* **Task directions**: Print only the lines below, from the very first to the one containing "michas252 online show from June 28, 11:55 pm", exactly as they stand. Do not print pictures.

Captioned web images:
▼▼▼
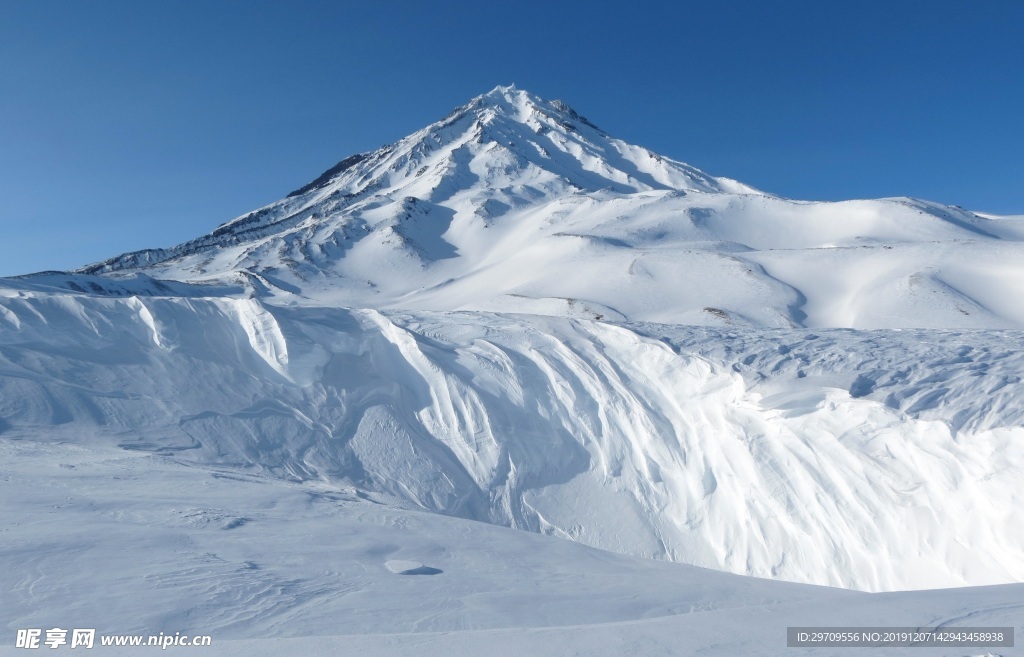 高原雪景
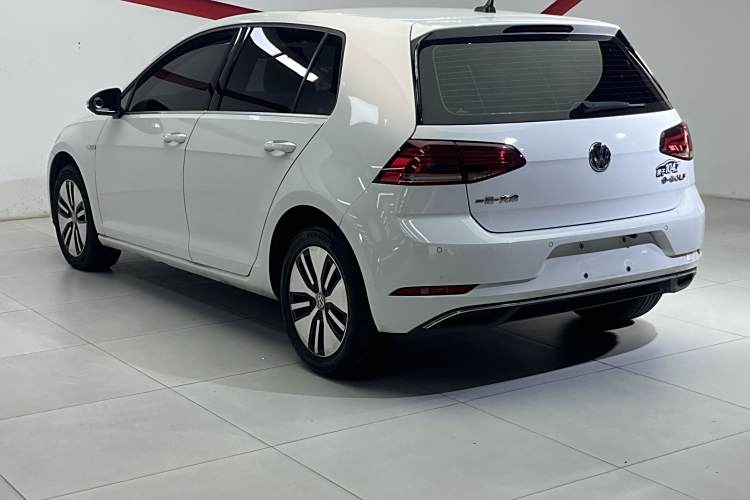Volkswagen Golf Pure Electric 2020 car image #8
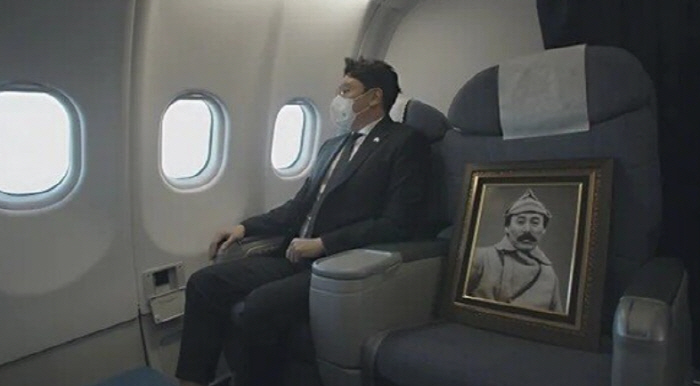 '소년범' 조진웅, 방송가 줄줄이 손절..KBS·SBS 영상 비공개→내래…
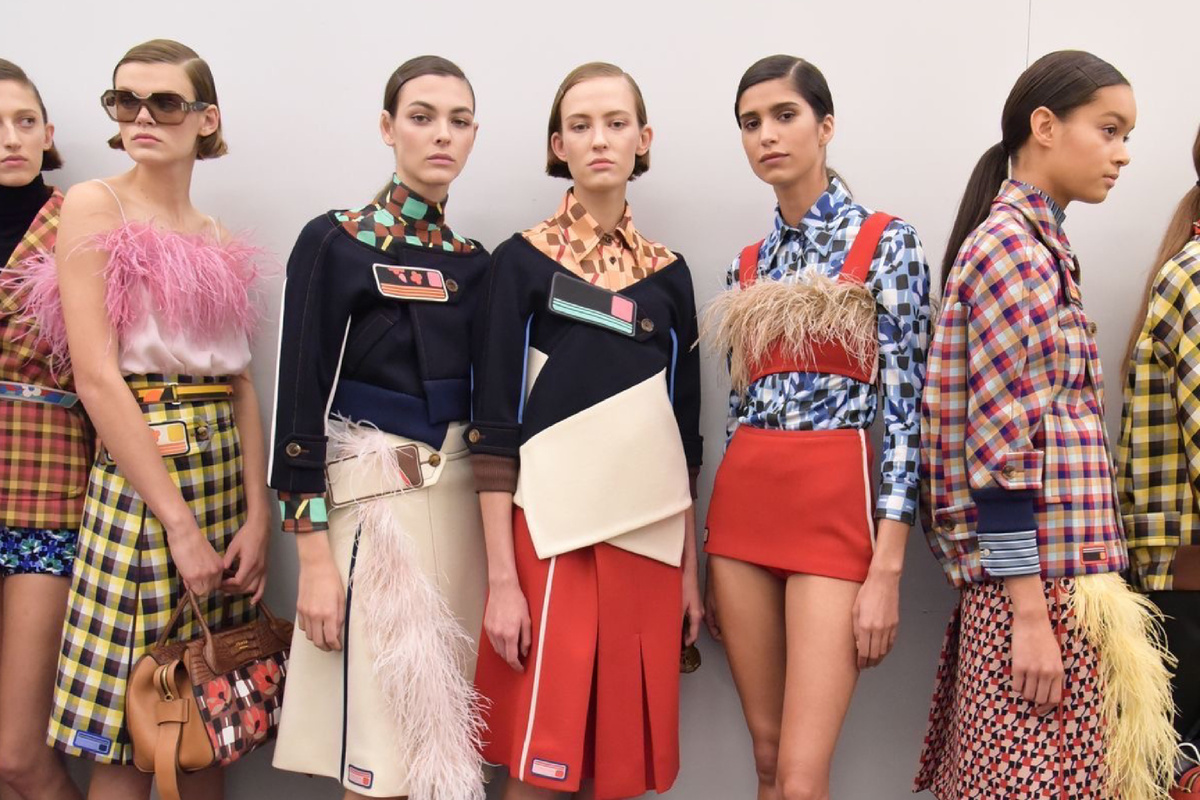 Важно, чтобы принт не нарушал пропорции фигуры. Поэтому для подиума часто выбирают Ярких Натуралов, которым подходят разнообразные стили.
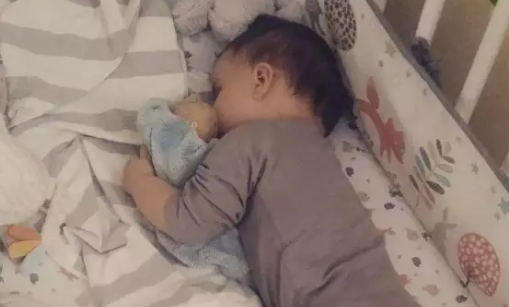 安撫巾會(huì)影響寶寶獨(dú)立嗎 寶寶安撫巾如何引入 安撫巾會(huì)影響寶寶獨(dú)立嗎 寶寶安撫巾如何引入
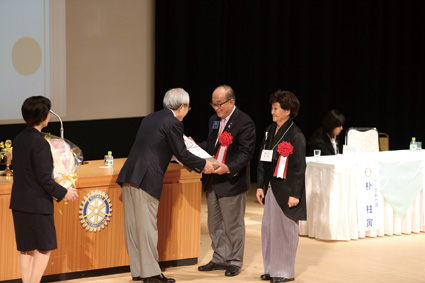 朴RI 会長代理ご夫妻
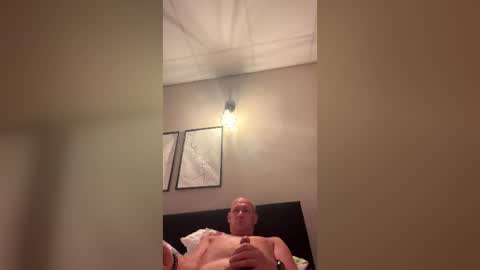 michas252 online show from June 28, 11:55 pm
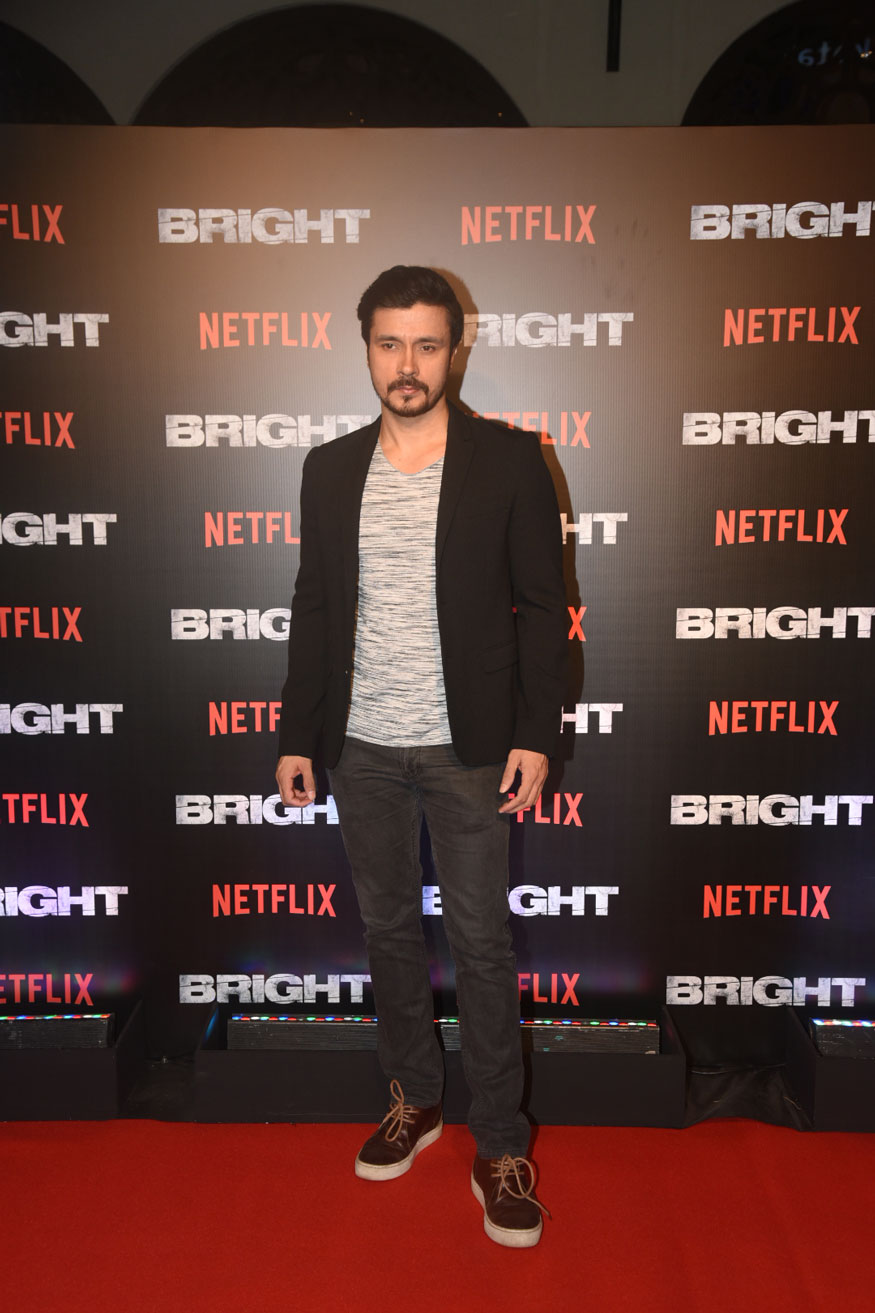Darshan Kumaar poses for a photo at the special screening of 'Bright' in Mumbai. Tina Desai,Gurbani Judge,Armaan Malik,Bright Special Screening,Bright Special Screening pics,Bright Special Screening images,Bright Special Screening stills,Bright Special Screening pictures,Bright Special Screening photos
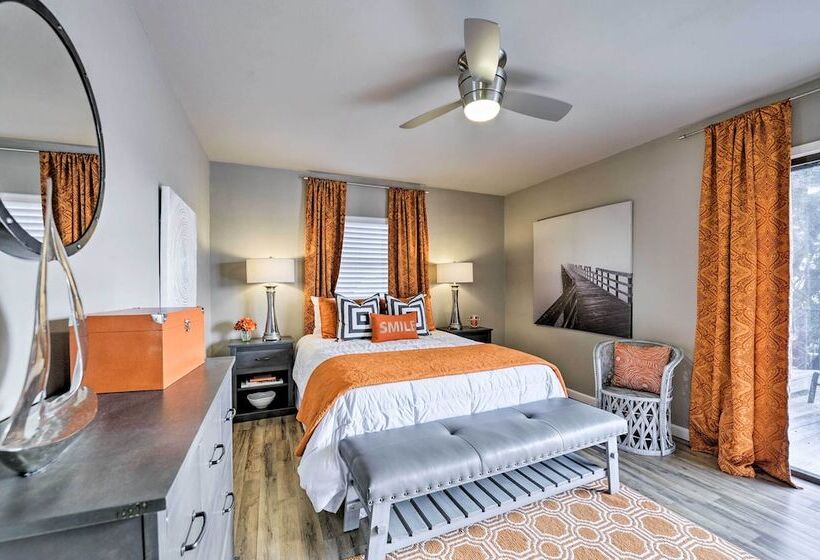 Bright N Breezy Waterfront Lake Granbury Getaway!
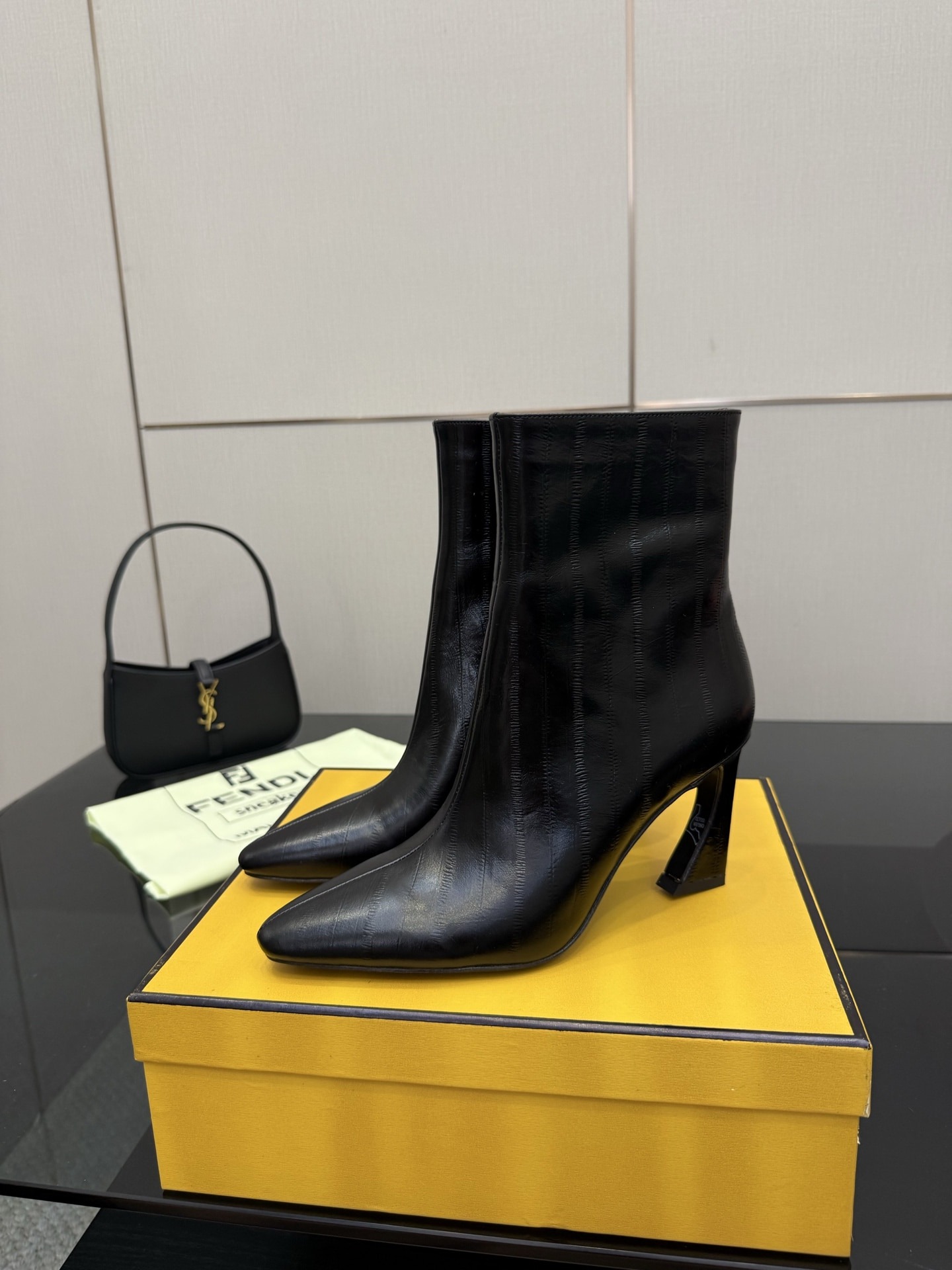 펜디 신상 가죽 부츠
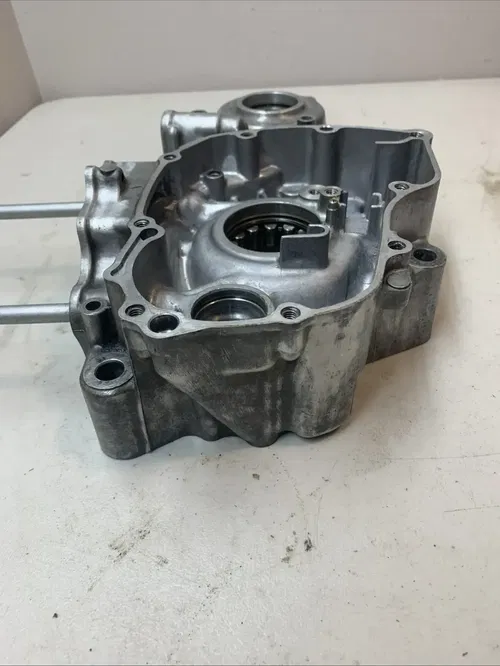 2006 HONDA CRF450R OEM Left Side Engine Crank Case Left Side Motor Case 05-08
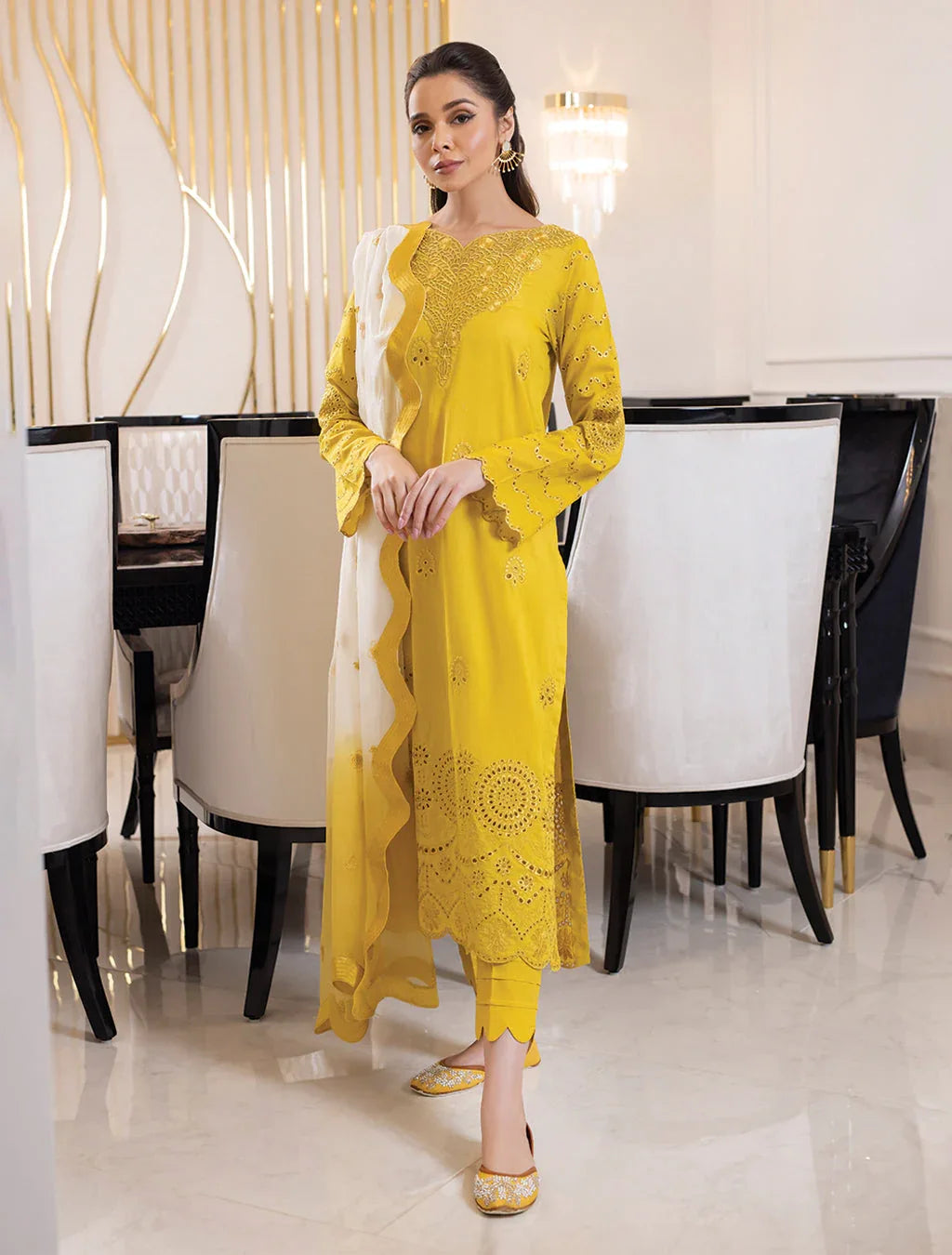 Iznik | Lawnkari 24 | UE-141 EPHEMERAL - Aqsa Fabrics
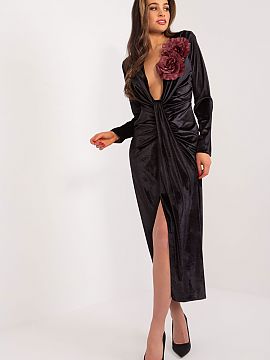 Sukňa na večer Lakerta  Velúrové večerné šaty sú výrazom luxusu a elegancie, ideálne na špeciálne príležitosti. Ich strih je jednoduchý, čo im dodáva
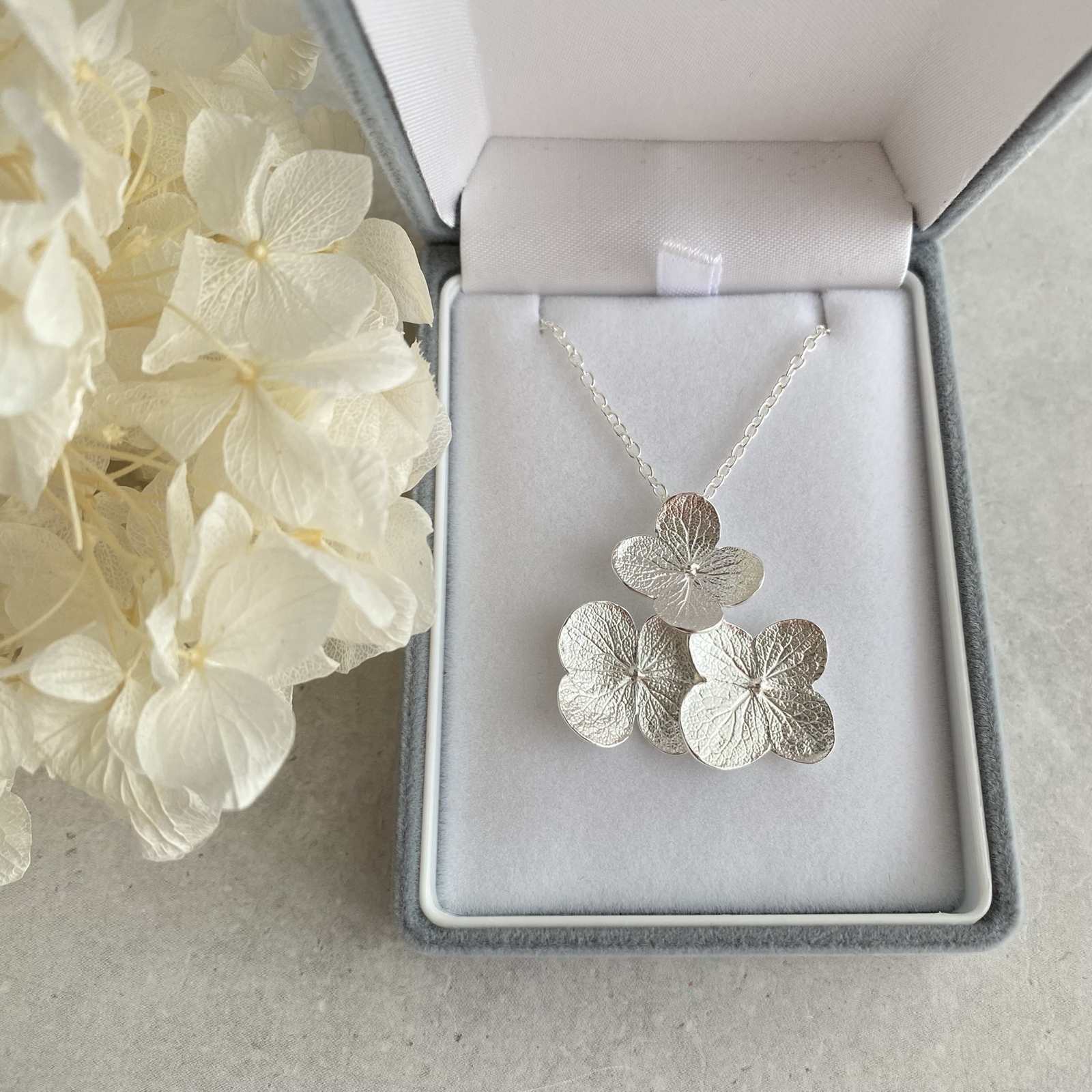 ネックレス〕純銀の紫陽花ネックレス - felice *フェリーチェ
▲▲▲
* **Output of the exercise**:
 高原雪景
Volkswagen Golf Pure Electric 2020 car image #8
 '소년범' 조진웅, 방송가 줄줄이 손절..KBS·SBS 영상 비공개→내래…
 Важно, чтобы принт не нарушал пропорции фигуры. Поэтому для подиума часто выбирают Ярких Натуралов, которым подходят разнообразные стили.
 安撫巾會(huì)影響寶寶獨(dú)立嗎 寶寶安撫巾如何引入 安撫巾會(huì)影響寶寶獨(dú)立嗎 寶寶安撫巾如何引入
 朴RI 会長代理ご夫妻
 michas252 online show from June 28, 11:55 pm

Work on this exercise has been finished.